Nun möchte ich mich in den Wintermonaten etwas ausgiebiger mit der digitalen Fotografie auseinandersetzen, und möchte Euch fragen, ob Jemand von Euch einen Buchtipp für mich als DSLR-Neuling hat, in dem das Thema einfach, lehrreich und anschaulich vermittelt wird?
Ich bin z.B. auf folgendes Buch aufmerksam geworden, allerdings wird teilweise in den Rezensionen darüber berichtet, dass zwar irgendwelche Blendeneinstellungen etc. empfohlen werden, nicht aber darauf eingegangen wird warum man eine bestimmte Blende in bestimmten Situationen verwenden soll. 

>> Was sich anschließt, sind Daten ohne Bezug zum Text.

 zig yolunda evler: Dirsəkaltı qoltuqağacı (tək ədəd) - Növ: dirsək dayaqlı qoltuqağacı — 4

http://www.amazon.de/gp/product/3827327628/ref=s9subs_c5_14_at1-rfc_g1-frt_g1_si1?pf_rd_m=A3JWKAKR8XB7XF&pf_rd_s=center-2&pf_rd_r=04P1BX30290H2NNG6MEE&pf_rd_t=101&pf_rd_p=463375173&pf_rd_i=301128

Da es eine Vielzahl von Büchern gibt, die sich mit der digitalen Fotografie beschäftigen, __ blicke ich nicht mehr durch, und möchte die Spreu vom Weizen trennen, denn schließlich möchte ich mir unnötige Kosten und Ärger ersparen beim Buchkauf.
Falls hier also Jemand einen konkreten Tipp hat, wäre ich Euch Dankbar!
Ideal wäre ein Buch welches ich bei Amazon bestellen könnte.

Vielen Dank im Voraus!


Mit freundlichen Grüßen,
CC


----------



## Frank (4. Dez. 2008)

*AW: Buchtipp digitale Fotografie?*

Hallo Marc,

mal ganz kurz:
Ich habe zwar nicht direkt eine Buchempfehlung, aber schau mal hier:

Mir ging es am Anfang so ähnlich wie dir. 
Ich kann dir über die Wintermonate nur empfehlen die Kamera jeden Tag zur Hand zu nehmen und "drauf los zu knipsen" - mit verschiedenen Einstellungen versteht sich.
Lad dir die Bilder auf den PC und schau dir die Exifs der Bilder an. Dann kannst du schon sehr gut erkennen mit welchen Einstellungen man bei dementsprechenden Lichtverhältnissen gute Bilder macht.

In einem Buch ist zwar vieles beschrieben, aber meisten sind diese Bücher auch sehr "trockener Stoff". Selbst ausprobieren macht da viel mehr Spaß, vor allem wenn die Ergebnisse mit der Zeit immer besser werden.


----------